At a more regional level, it’s clear that after weeks of just trying to keep London’s transport system moving, and keeping its workers alive, sharp minds at TfL and City Hall are turning to what happens next. Not only does TfL face the prospect of a city with running tubes and buses, but few riders – and the budget implications that come with that, potentially for years. It also faces rising car use discouraging people from riding their bikes. Right now, we’re asking the Mayor and his team to do four things with urgency (as well as a load of other stuff too):
  • Move to rapidly deliver safe space for cycling on many key routes while car volumes are low. That’s why we need your suggestions.
  • Make every bus lane in London 24/7 with parking prohibited.
  • Help boroughs deliver low traffic neighbourhoods – if motor traffic volumes do head back towards normal (as they already noticeably are!), and main roads are coned off for cycling, ratruns will be worse than ever, and a huge proportion of London’s residents won’t just lose the birdsong and peace and air quality they’ve experienced lately, they’ll miss the chance for their kids to play out too.
  • Rapidly accelerate plans for smart road-user charging that would help plug the hole in budgets and keep many of those unnecessary car journeys off our roads. At the very least, don't just reinstate the Congestion Charge and ULEZ as soon as possible, but bring forward the planned expansion of the latter as fast as possible.
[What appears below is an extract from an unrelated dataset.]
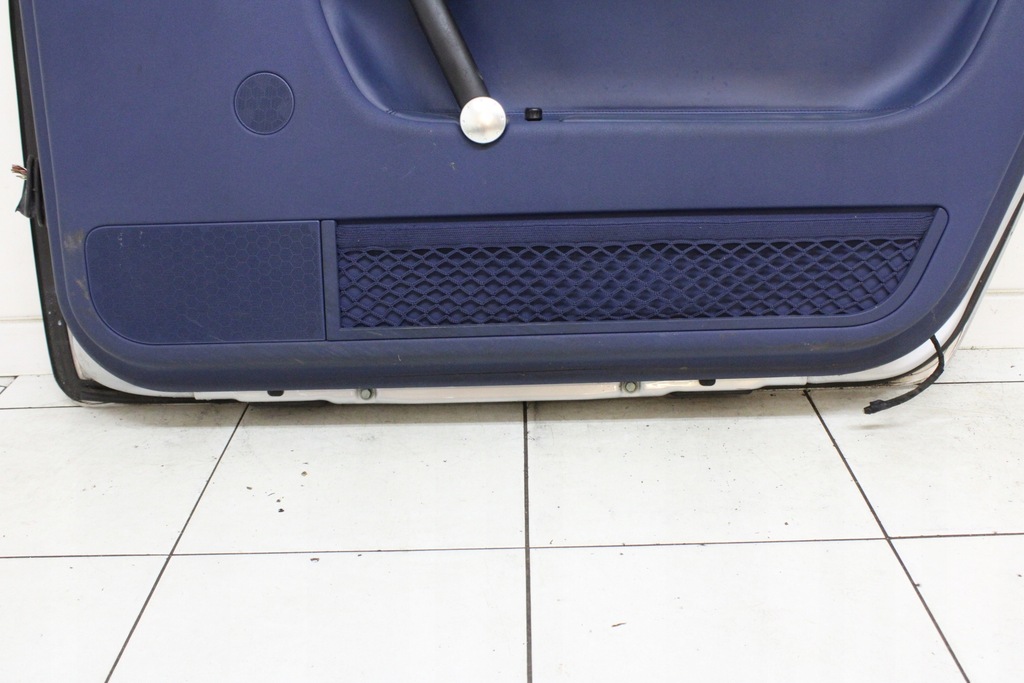 фото №13, Audi tt 8n 98r- дверь правое передние правый перед ly7w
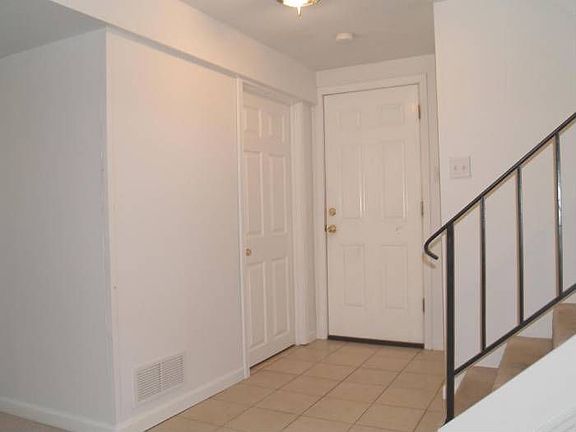 Lower Level to Garage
You can read our full thoughts on this here https://lcc.org.uk/articles/cycling-and-the-covid-19-crisis This is a straight fight right now between cycling and car use. Most bus and tube journeys are too far to be walked. So if we don’t get the cycling right, we’ll see the cars come back, and probably to higher volumes than we’ve seen in decades.

No going back…

We miss our friends, we miss eating out, we miss a thriving, happy city. But we don’t miss people driving 200m to drop kids at school, or 1km to the shops. We don’t miss the haze of pollution that covered the city, resulting in near 10,000 premature deaths each year, nor do we miss the catastrophic, climate changing, levels of emissions. We like hearing bird song, and having quiet residential streets to cycle or walk with children on – and many Londoners are saying they want to keep that. There’s #NoGoingBack - particularly given how clear it is that it was the cars all along causing all that pollution - not cycle tracks(!). And particularly too given respiratory viruses like Covid-19 are more easily spread and more lethal in cities where pollution levels are off the chart – as London was. Never again should our city choose car driving convenience over our lives, our climate. Right now that means picking out cycle routes that can replace car journeys and public transport. As motor traffic volumes rise, we’ll also need to focus on residential streets and low traffic neighbourhoods. But today, it’s about safe walking social distancing pavement widths and high capacity cycle routes to get people to work without using a car.